Prompt
Pictures appear among the records below and must be omitted. Repeat exactly the lines from the line with "Harry Potter Baby Room Decor" to the line with "Metal Invisible Pull-tab", both included.

Available data
•••••
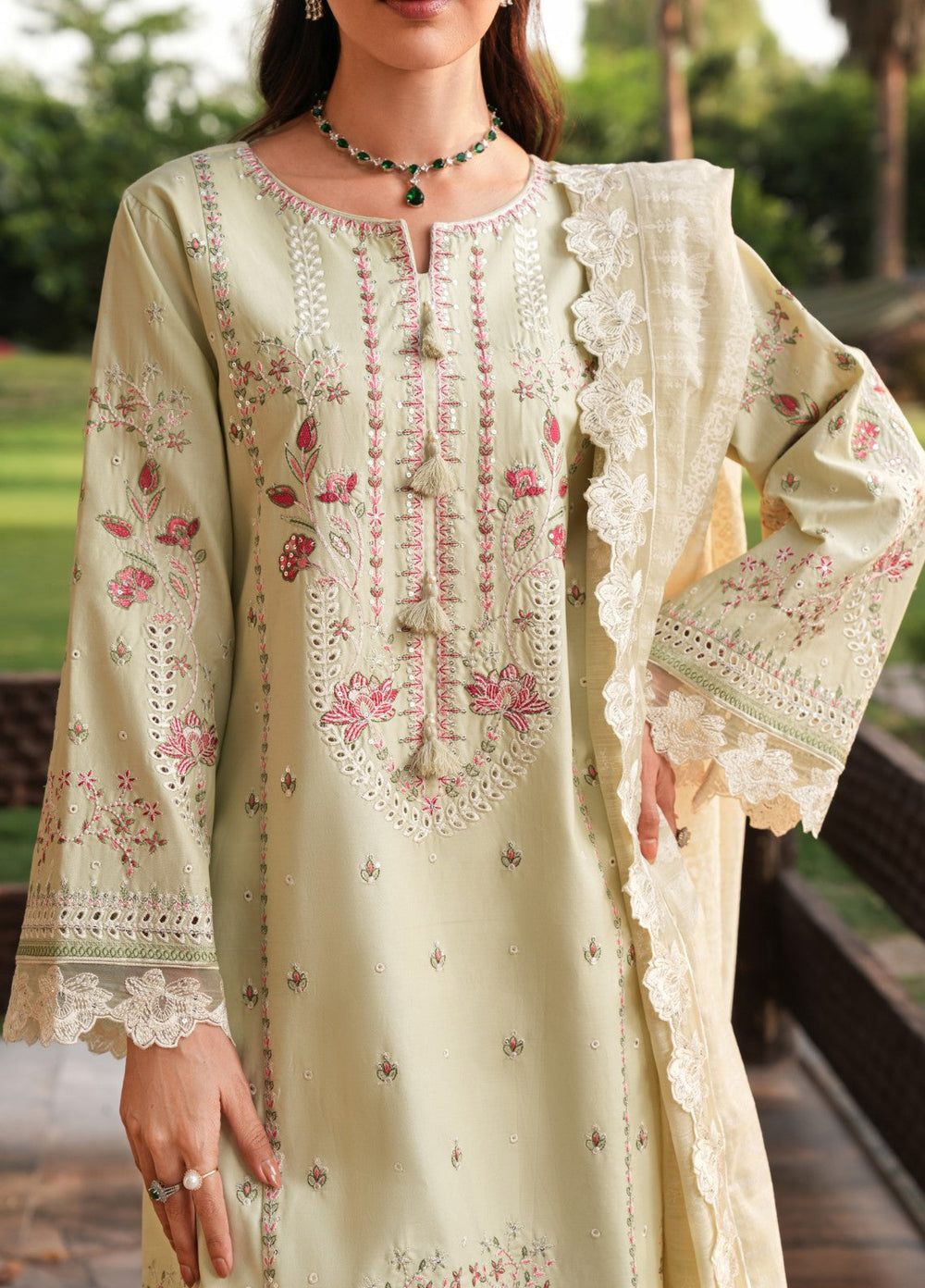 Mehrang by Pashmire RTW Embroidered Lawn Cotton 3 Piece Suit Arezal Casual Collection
•••••
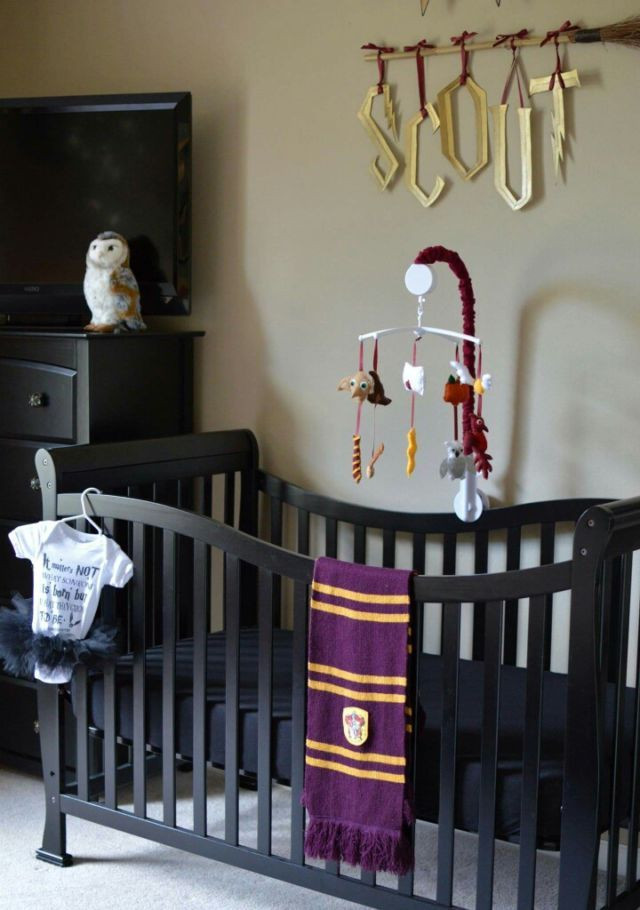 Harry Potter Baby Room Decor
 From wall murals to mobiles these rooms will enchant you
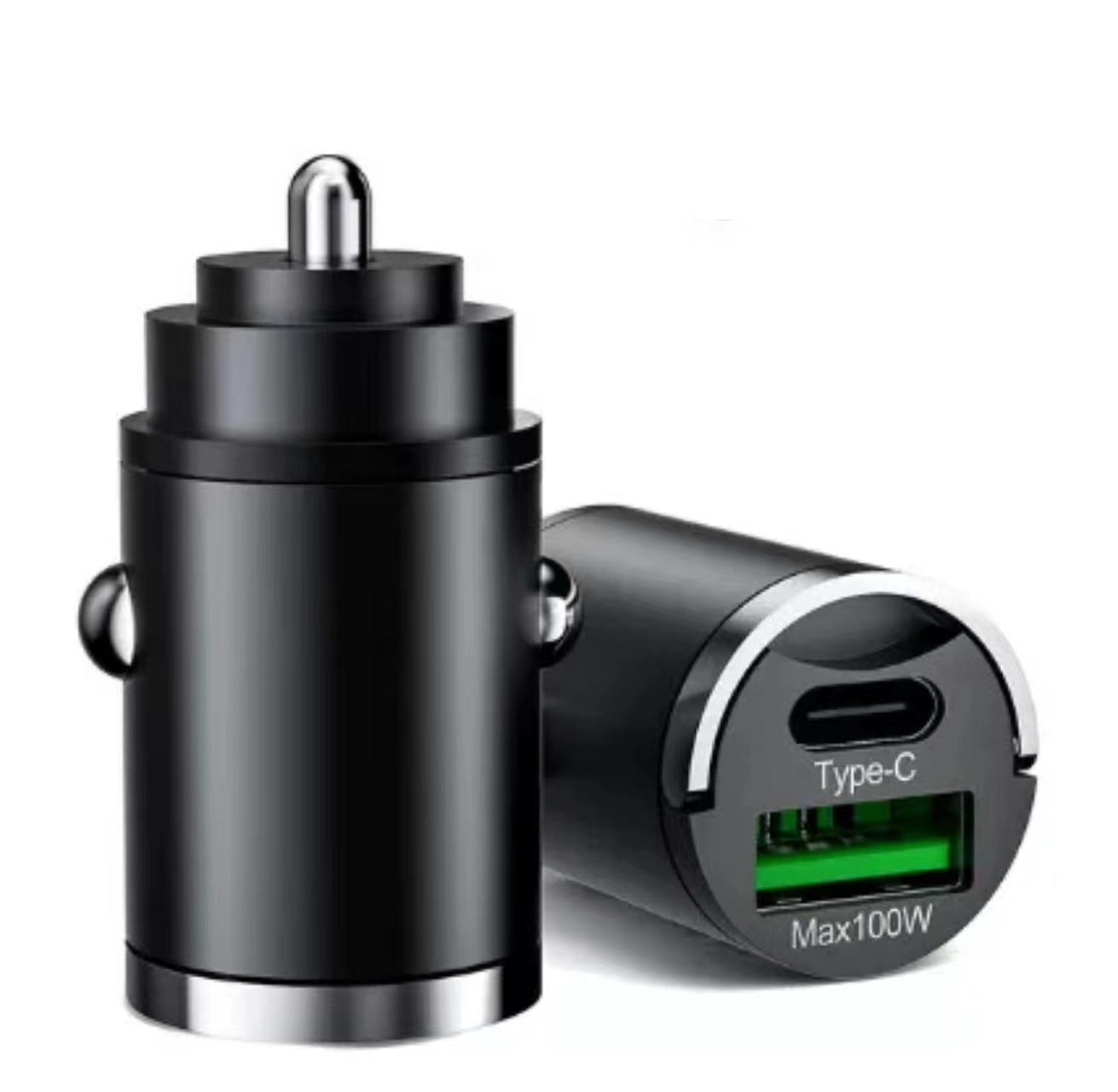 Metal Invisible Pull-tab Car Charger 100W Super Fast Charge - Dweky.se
•••••
Solved problem
 Harry Potter Baby Room Decor
 From wall murals to mobiles these rooms will enchant you
 Metal Invisible Pull-tab Car Charger 100W Super Fast Charge - Dweky.se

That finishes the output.